Repeat precisely the span of lines below that opens with the line containing "Pronóstico Basaksehir vs" and closes with the line containing "An experienced ghostwriter", both included.

◆ DATA TO EXAMINE
******************************

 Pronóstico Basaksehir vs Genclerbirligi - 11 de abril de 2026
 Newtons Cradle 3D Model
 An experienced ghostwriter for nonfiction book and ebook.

******************************

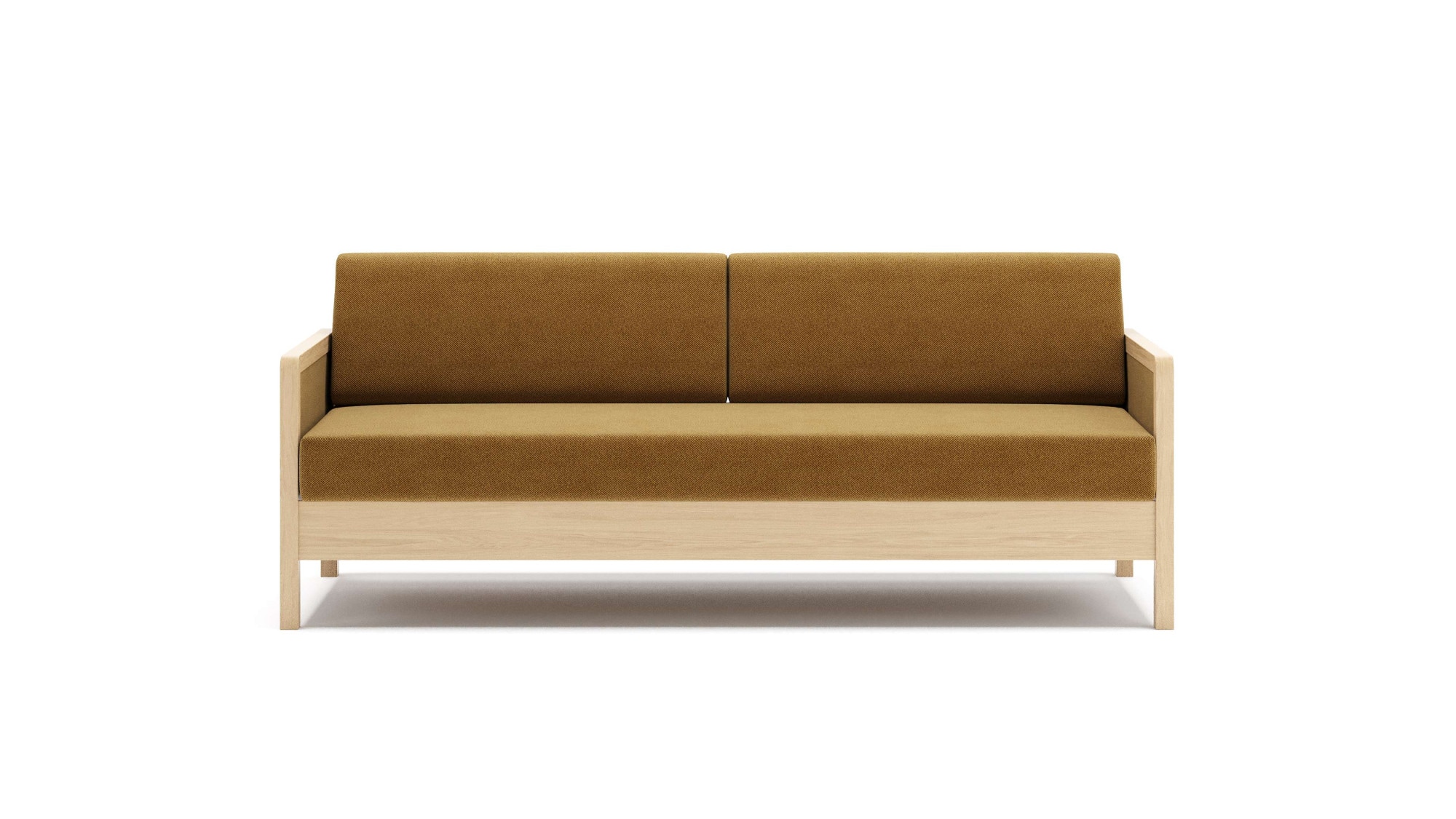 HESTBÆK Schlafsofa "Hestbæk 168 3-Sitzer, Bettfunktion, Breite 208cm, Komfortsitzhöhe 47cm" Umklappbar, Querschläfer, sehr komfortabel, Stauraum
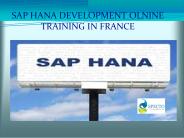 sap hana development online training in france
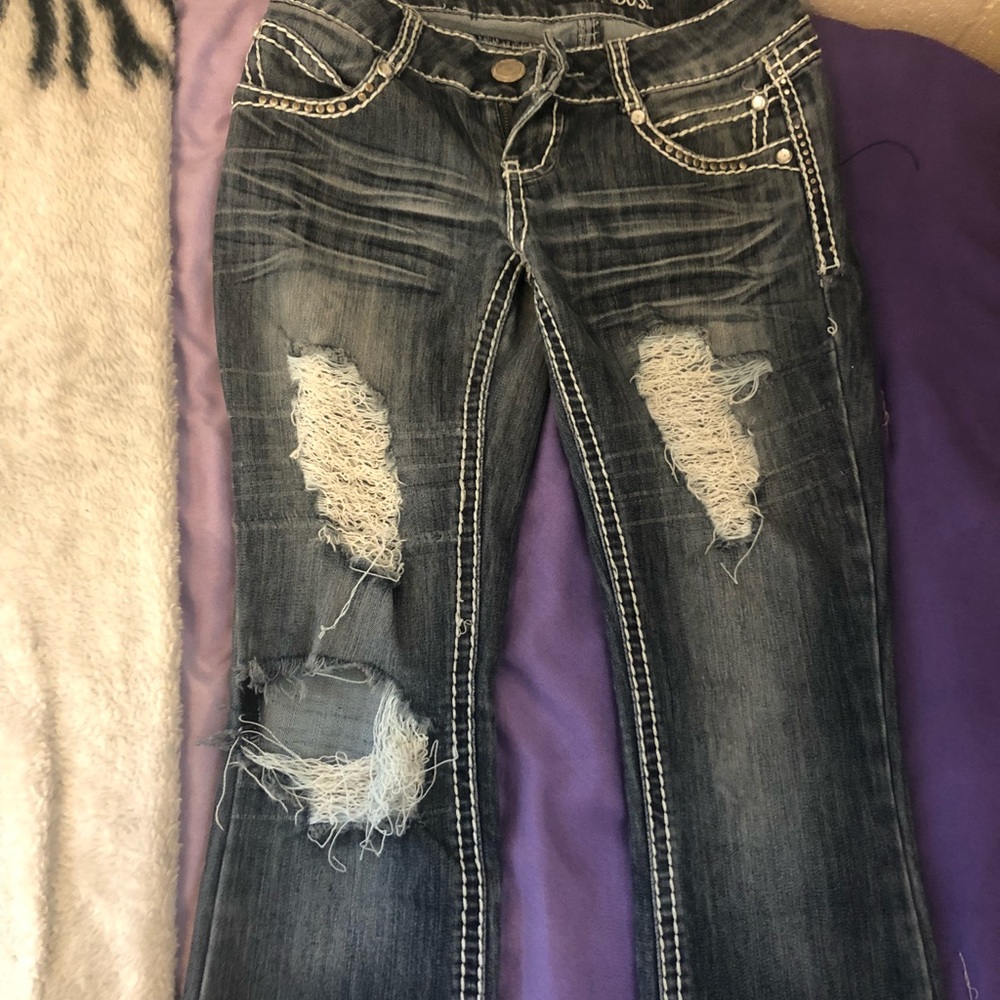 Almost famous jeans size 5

******************************

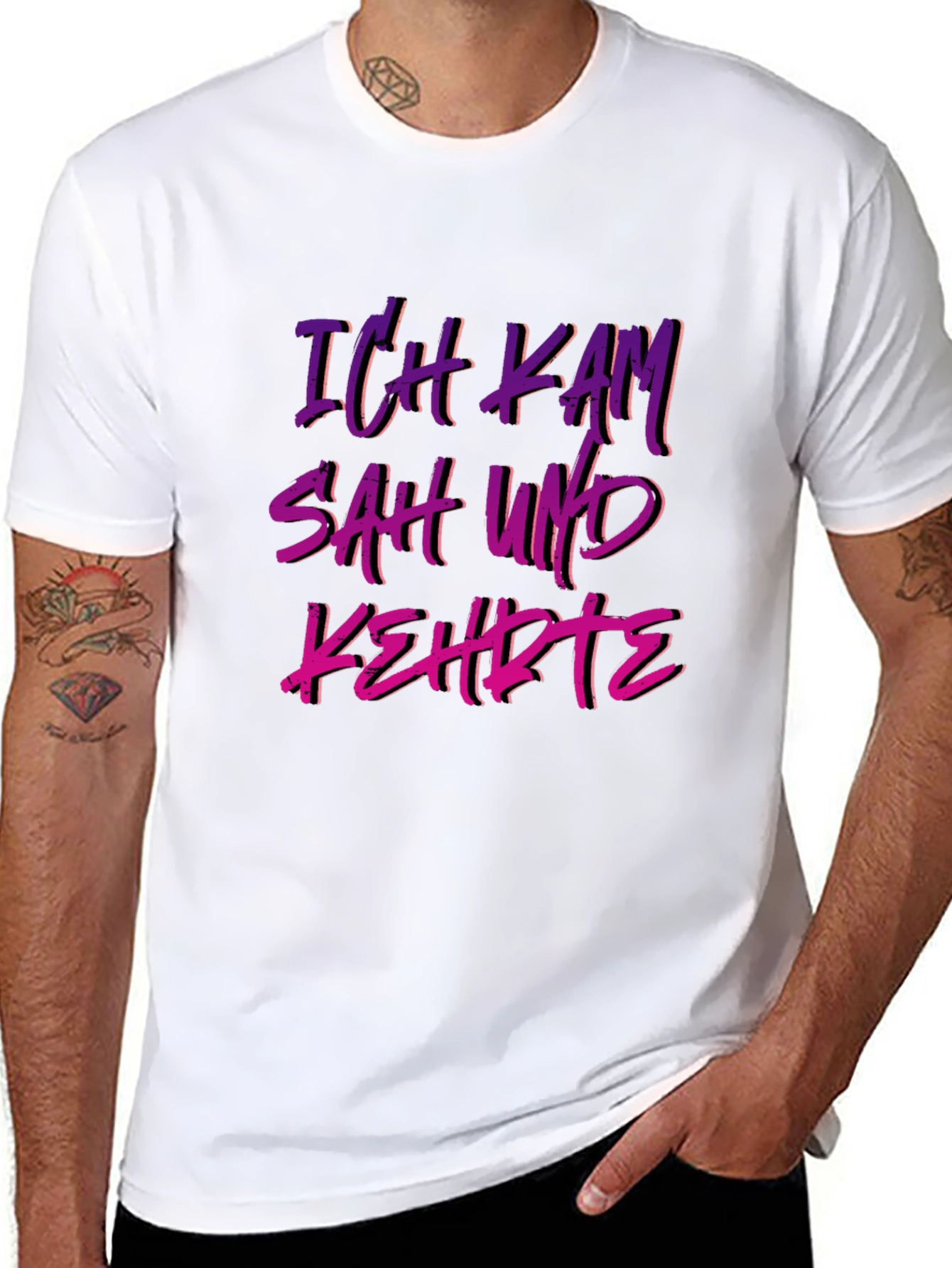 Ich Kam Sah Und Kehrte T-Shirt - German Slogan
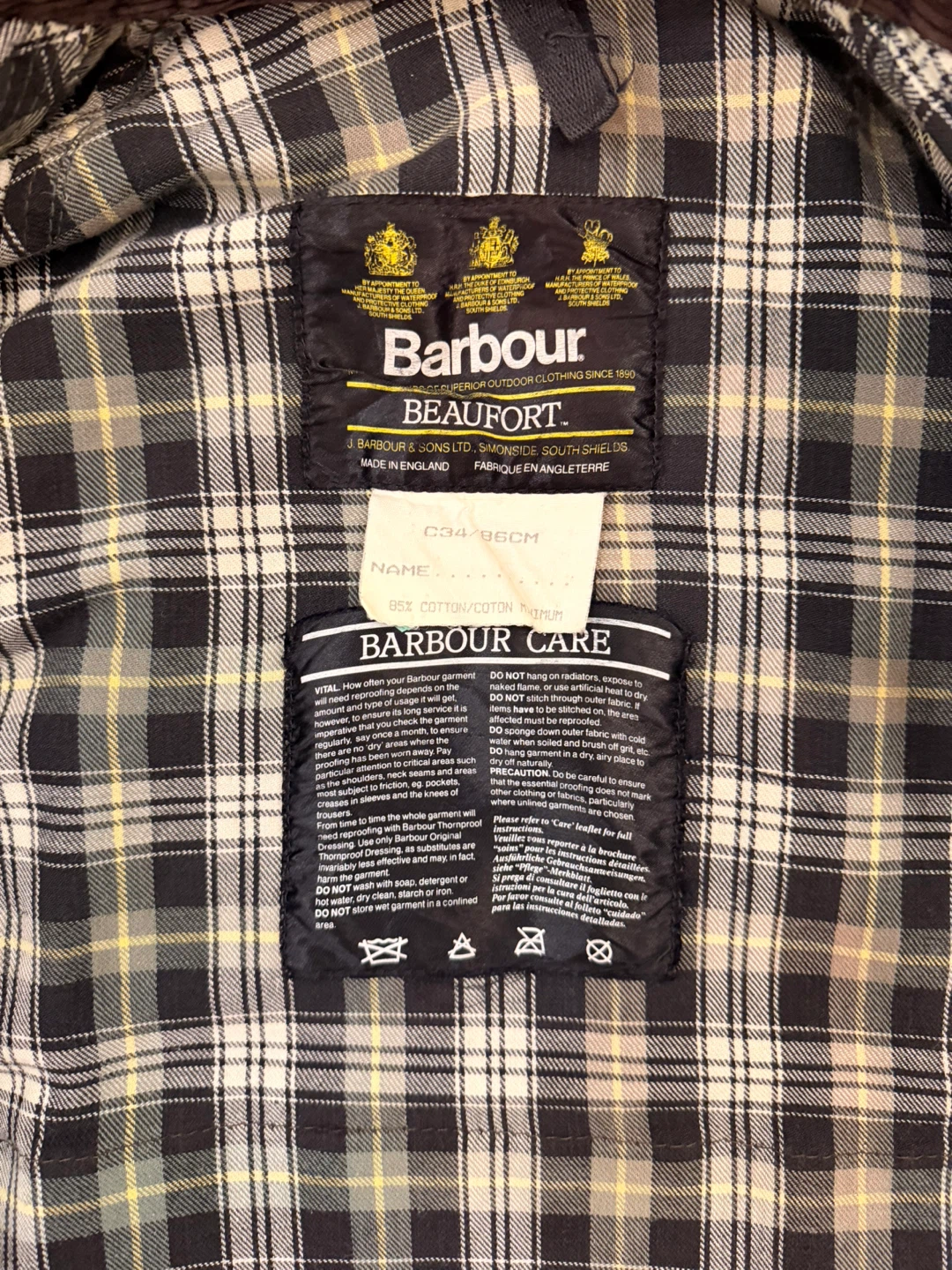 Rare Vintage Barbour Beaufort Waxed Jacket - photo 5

******************************

◆ PROBLEM SOLUTION
 Pronóstico Basaksehir vs Genclerbirligi - 11 de abril de 2026
 Newtons Cradle 3D Model
 An experienced ghostwriter for nonfiction book and ebook.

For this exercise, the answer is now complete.